What to produce:
Extract every record, keeping each one exactly as it is.

»»

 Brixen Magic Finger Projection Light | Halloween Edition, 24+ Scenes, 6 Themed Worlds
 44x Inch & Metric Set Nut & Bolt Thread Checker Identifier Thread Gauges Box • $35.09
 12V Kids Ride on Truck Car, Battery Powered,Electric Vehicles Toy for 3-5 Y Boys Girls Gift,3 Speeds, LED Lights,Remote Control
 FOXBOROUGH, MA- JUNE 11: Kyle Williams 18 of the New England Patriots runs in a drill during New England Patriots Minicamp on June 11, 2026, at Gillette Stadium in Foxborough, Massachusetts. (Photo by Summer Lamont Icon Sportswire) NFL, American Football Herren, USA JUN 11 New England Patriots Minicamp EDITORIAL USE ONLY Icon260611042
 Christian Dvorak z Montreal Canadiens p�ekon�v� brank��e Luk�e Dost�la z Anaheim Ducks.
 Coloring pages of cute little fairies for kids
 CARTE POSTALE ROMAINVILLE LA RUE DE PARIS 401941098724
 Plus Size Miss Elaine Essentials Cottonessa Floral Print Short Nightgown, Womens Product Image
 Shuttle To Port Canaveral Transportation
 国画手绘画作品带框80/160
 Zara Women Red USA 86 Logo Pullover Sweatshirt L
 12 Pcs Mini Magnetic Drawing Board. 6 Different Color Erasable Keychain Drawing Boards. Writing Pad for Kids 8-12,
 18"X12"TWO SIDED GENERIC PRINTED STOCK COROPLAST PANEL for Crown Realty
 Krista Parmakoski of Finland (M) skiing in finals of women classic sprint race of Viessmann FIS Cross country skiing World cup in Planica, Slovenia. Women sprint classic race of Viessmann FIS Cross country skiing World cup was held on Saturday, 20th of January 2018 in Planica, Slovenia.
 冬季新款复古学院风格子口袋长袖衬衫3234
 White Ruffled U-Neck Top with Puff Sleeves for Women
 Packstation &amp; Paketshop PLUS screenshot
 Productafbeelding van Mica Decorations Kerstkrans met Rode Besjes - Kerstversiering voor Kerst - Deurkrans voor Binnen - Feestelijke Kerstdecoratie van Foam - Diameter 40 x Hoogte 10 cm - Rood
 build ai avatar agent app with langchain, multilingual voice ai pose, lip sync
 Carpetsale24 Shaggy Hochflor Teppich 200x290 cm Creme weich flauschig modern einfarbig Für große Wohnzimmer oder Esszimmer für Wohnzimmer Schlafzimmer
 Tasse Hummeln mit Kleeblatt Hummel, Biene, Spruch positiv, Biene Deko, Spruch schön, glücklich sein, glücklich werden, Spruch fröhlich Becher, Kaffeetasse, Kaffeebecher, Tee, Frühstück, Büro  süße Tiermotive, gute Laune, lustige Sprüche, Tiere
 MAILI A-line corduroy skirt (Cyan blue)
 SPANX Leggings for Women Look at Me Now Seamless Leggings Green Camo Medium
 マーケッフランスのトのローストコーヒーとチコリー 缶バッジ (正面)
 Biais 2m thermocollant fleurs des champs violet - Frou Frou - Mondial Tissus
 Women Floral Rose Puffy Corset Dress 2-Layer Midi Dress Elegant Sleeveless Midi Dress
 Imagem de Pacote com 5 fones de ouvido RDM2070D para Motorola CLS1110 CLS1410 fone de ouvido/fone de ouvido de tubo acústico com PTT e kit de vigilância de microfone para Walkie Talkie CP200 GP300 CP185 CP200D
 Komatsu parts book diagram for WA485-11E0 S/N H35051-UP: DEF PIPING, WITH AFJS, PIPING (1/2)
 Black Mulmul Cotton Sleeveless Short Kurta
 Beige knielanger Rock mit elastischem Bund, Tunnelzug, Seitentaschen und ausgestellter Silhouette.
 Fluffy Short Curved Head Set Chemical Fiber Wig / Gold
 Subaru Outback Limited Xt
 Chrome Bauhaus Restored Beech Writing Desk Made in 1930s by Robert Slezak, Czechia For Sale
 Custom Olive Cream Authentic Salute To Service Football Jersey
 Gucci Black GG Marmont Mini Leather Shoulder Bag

««

Answer area:
 Brixen Magic Finger Projection Light | Halloween Edition, 24+ Scenes, 6 Themed Worlds
 44x Inch & Metric Set Nut & Bolt Thread Checker Identifier Thread Gauges Box • $35.09
 12V Kids Ride on Truck Car, Battery Powered,Electric Vehicles Toy for 3-5 Y Boys Girls Gift,3 Speeds, LED Lights,Remote Control
 FOXBOROUGH, MA- JUNE 11: Kyle Williams 18 of the New England Patriots runs in a drill during New England Patriots Minicamp on June 11, 2026, at Gillette Stadium in Foxborough, Massachusetts. (Photo by Summer Lamont Icon Sportswire) NFL, American Football Herren, USA JUN 11 New England Patriots Minicamp EDITORIAL USE ONLY Icon260611042
 Christian Dvorak z Montreal Canadiens p�ekon�v� brank��e Luk�e Dost�la z Anaheim Ducks.
 Coloring pages of cute little fairies for kids
 CARTE POSTALE ROMAINVILLE LA RUE DE PARIS 401941098724
 Plus Size Miss Elaine Essentials Cottonessa Floral Print Short Nightgown, Womens Product Image
 Shuttle To Port Canaveral Transportation
 国画手绘画作品带框80/160
 Zara Women Red USA 86 Logo Pullover Sweatshirt L
 12 Pcs Mini Magnetic Drawing Board. 6 Different Color Erasable Keychain Drawing Boards. Writing Pad for Kids 8-12,
 18"X12"TWO SIDED GENERIC PRINTED STOCK COROPLAST PANEL for Crown Realty
 Krista Parmakoski of Finland (M) skiing in finals of women classic sprint race of Viessmann FIS Cross country skiing World cup in Planica, Slovenia. Women sprint classic race of Viessmann FIS Cross country skiing World cup was held on Saturday, 20th of January 2018 in Planica, Slovenia.
 冬季新款复古学院风格子口袋长袖衬衫3234
 White Ruffled U-Neck Top with Puff Sleeves for Women
 Packstation &amp; Paketshop PLUS screenshot
 Productafbeelding van Mica Decorations Kerstkrans met Rode Besjes - Kerstversiering voor Kerst - Deurkrans voor Binnen - Feestelijke Kerstdecoratie van Foam - Diameter 40 x Hoogte 10 cm - Rood
 build ai avatar agent app with langchain, multilingual voice ai pose, lip sync
 Carpetsale24 Shaggy Hochflor Teppich 200x290 cm Creme weich flauschig modern einfarbig Für große Wohnzimmer oder Esszimmer für Wohnzimmer Schlafzimmer
 Tasse Hummeln mit Kleeblatt Hummel, Biene, Spruch positiv, Biene Deko, Spruch schön, glücklich sein, glücklich werden, Spruch fröhlich Becher, Kaffeetasse, Kaffeebecher, Tee, Frühstück, Büro  süße Tiermotive, gute Laune, lustige Sprüche, Tiere
 MAILI A-line corduroy skirt (Cyan blue)
 SPANX Leggings for Women Look at Me Now Seamless Leggings Green Camo Medium
 マーケッフランスのトのローストコーヒーとチコリー 缶バッジ (正面)
 Biais 2m thermocollant fleurs des champs violet - Frou Frou - Mondial Tissus
 Women Floral Rose Puffy Corset Dress 2-Layer Midi Dress Elegant Sleeveless Midi Dress
 Imagem de Pacote com 5 fones de ouvido RDM2070D para Motorola CLS1110 CLS1410 fone de ouvido/fone de ouvido de tubo acústico com PTT e kit de vigilância de microfone para Walkie Talkie CP200 GP300 CP185 CP200D
 Komatsu parts book diagram for WA485-11E0 S/N H35051-UP: DEF PIPING, WITH AFJS, PIPING (1/2)
 Black Mulmul Cotton Sleeveless Short Kurta
 Beige knielanger Rock mit elastischem Bund, Tunnelzug, Seitentaschen und ausgestellter Silhouette.
 Fluffy Short Curved Head Set Chemical Fiber Wig / Gold
 Subaru Outback Limited Xt
 Chrome Bauhaus Restored Beech Writing Desk Made in 1930s by Robert Slezak, Czechia For Sale
 Custom Olive Cream Authentic Salute To Service Football Jersey
 Gucci Black GG Marmont Mini Leather Shoulder Bag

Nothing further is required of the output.